Lamentavelmente, essa proximidade entre público e privado no setor de biotecnologia não ocorre apenas no Brasil. Muitos já devem conhecer o artigo de Jennifer Ferrara intitulado Portas Giratórias: a Monsanto e o Governo Federal, The Ecologist (vol. 28, n.5, setembro/outubro 1998), aqui. Lá está descrito o processo de liberação de OGMs nos Estados Unidos, valendo-se do primeiro produto alimentício da biotecnologia comercializado em grande escala, o hormônio recombinante de crescimento bovino (rBGH) da Monsanto.

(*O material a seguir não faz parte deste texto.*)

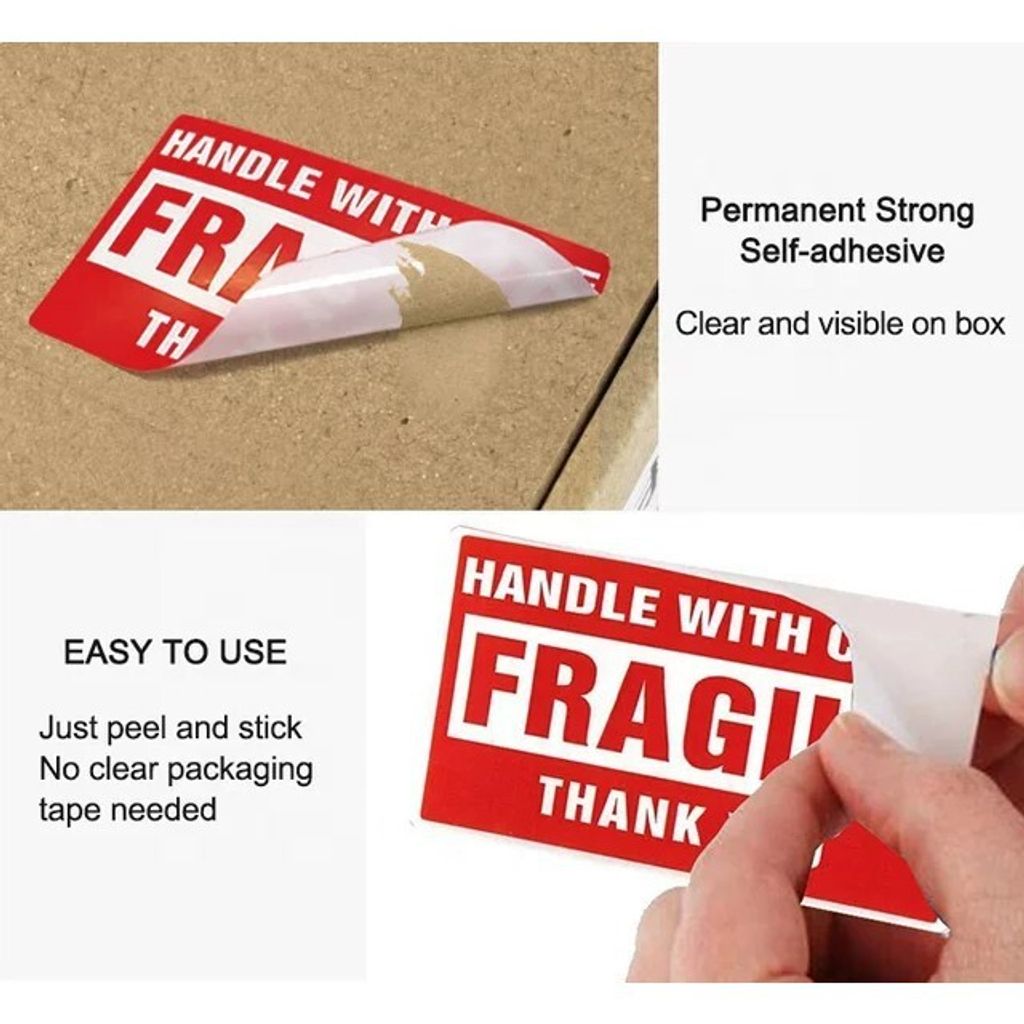 decede3ddd54f66ec70ab55aab366c8f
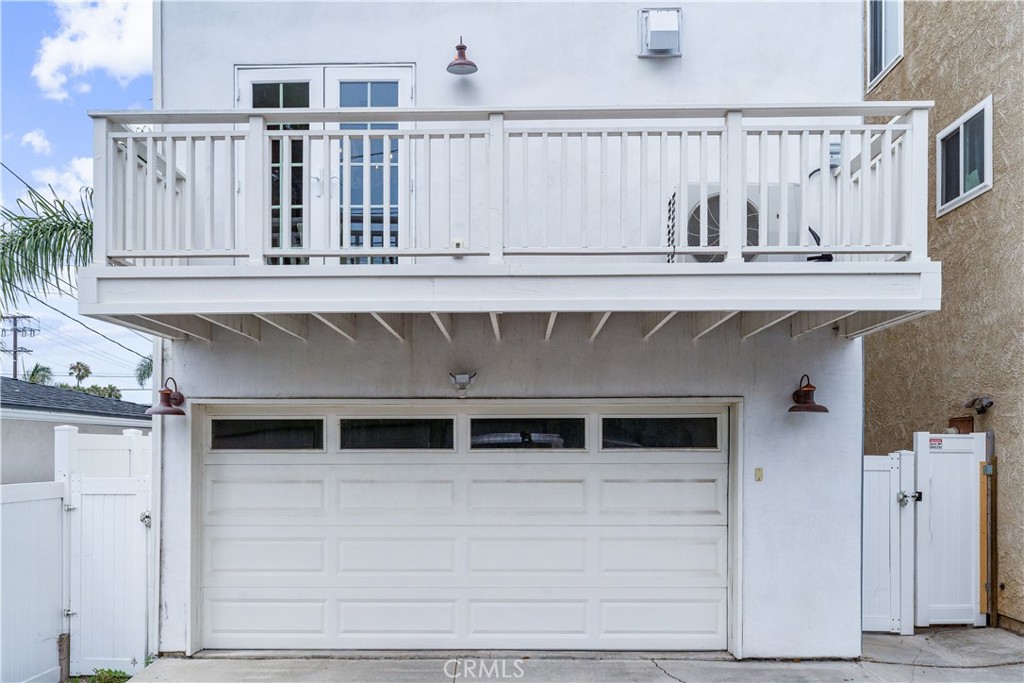 208 Indianapolis Avenue Huntington Beach, CA 92648 - Photo 49 of 66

Mesmo estando relacionado a problemas graves de saúde nos seres humanos e nas vacas e apesar ainda dos escândalos e protestos, a autora relata que “a adequada combinação de apoio governamental, pesquisa privada e milionários projetos de marketing prepararam o terreno para a primeira liberação” nos EUA.

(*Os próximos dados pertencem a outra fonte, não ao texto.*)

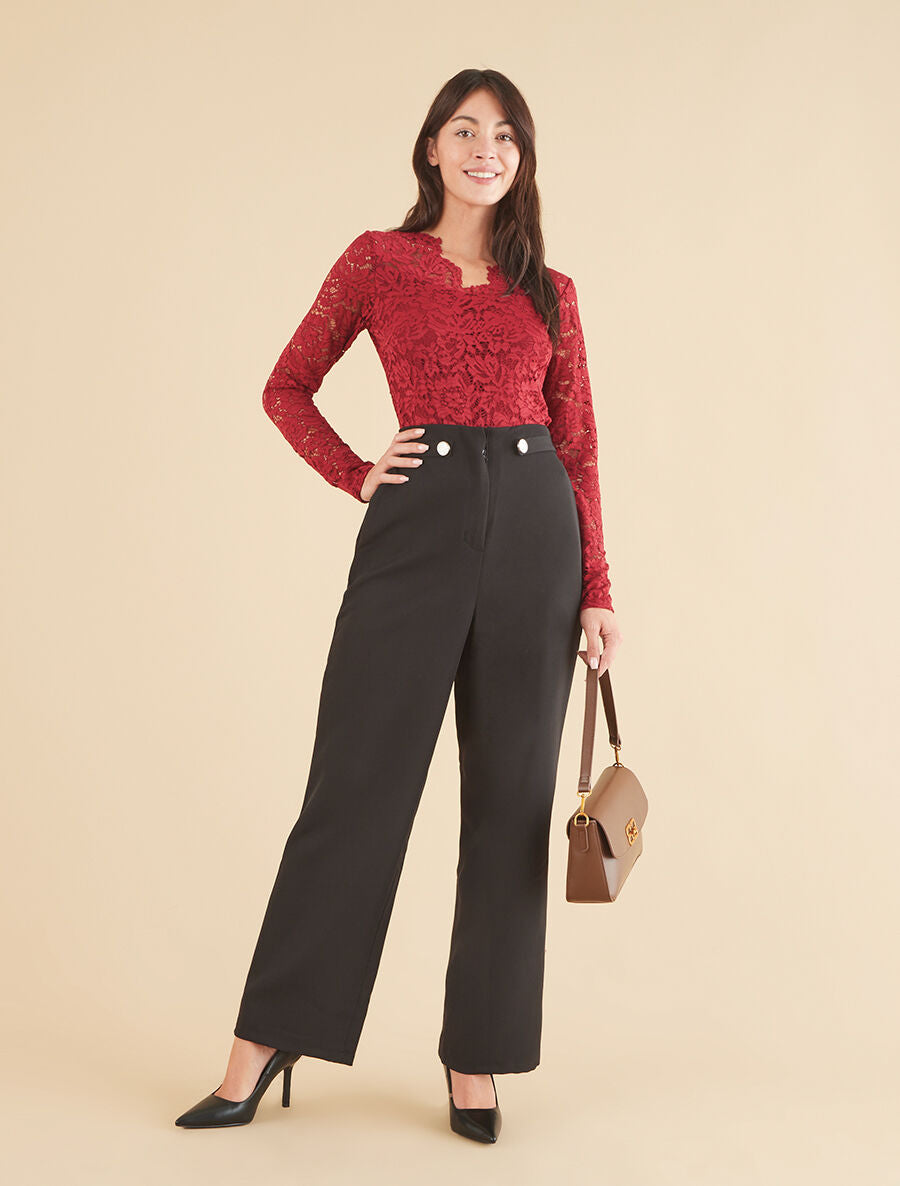 Look Caretta - 3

Michael Hansen da Consumers Union já afirmara que a FDA Food and Drugs Administration declarou que o leite com rBGH era seguro antes de dispor dos dados necessários. É o que as organizações e cientistas independentes receiam com relação a outros alimentos transgênicos: órgãos governamentais confiando nos dados apresentados quase que exclusivamente pela própria empresa interessada em sua aprovação.
O caso relatado no artigo Portas Giratórias: A Monsanto e o Governo Federal traz informações sobre a falta de avaliação de riscos por parte do FDA. Mais do que isso, revela nomes de pessoas que desempenharam papéis importantes no processo. Cita Michael R. Taylor, então vice-comissário de política da FDA que redigiu as normas do FDA para a rotulagem da rBGH, praticamente impedindo que houvesse informação no rótulo. Logo depois, descobriu-se que Taylor havia trabalhando durante anos como advogado da Monsanto, inclusive preparando documentos sobre rotulagem de leite contendo rBGH. Margaret Miller, vice-diretora do Escritório de Novos Fármacos Animais do FDA também já havia sido pesquisadora da Monsanto, inclusive desenvolvendo estudos sobre a segurança do rBGH. Suzane Sechen, considerada a principal avaliadora da segurança do rBGH na Oficina de Novos Fármacos Animais do FDA havia realizado pesquisas sobre o rBGH, na Universidade de Cornell, financiados pela... Monsanto.
Anos atrás, a organização Alliance for Bio-Integrity conseguiu acesso, por meio de autorização da Justiça norte-americana, a documentos internos do FDA que bem demonstram a preocupação de cientistas do órgão ( aqui) e a irresponsabilidade do FDA em ignorar tais alertas.
É para evitar que Michael Taylor, Margaret Miller ou Suzane Sechen brasileiros decidam sobre a segurança de espécies transgênicas que as organizações irão monitorar e denunciar relações promíscuas e agir diante de decisões que não se baseiem exclusivamente no princípio da precaução.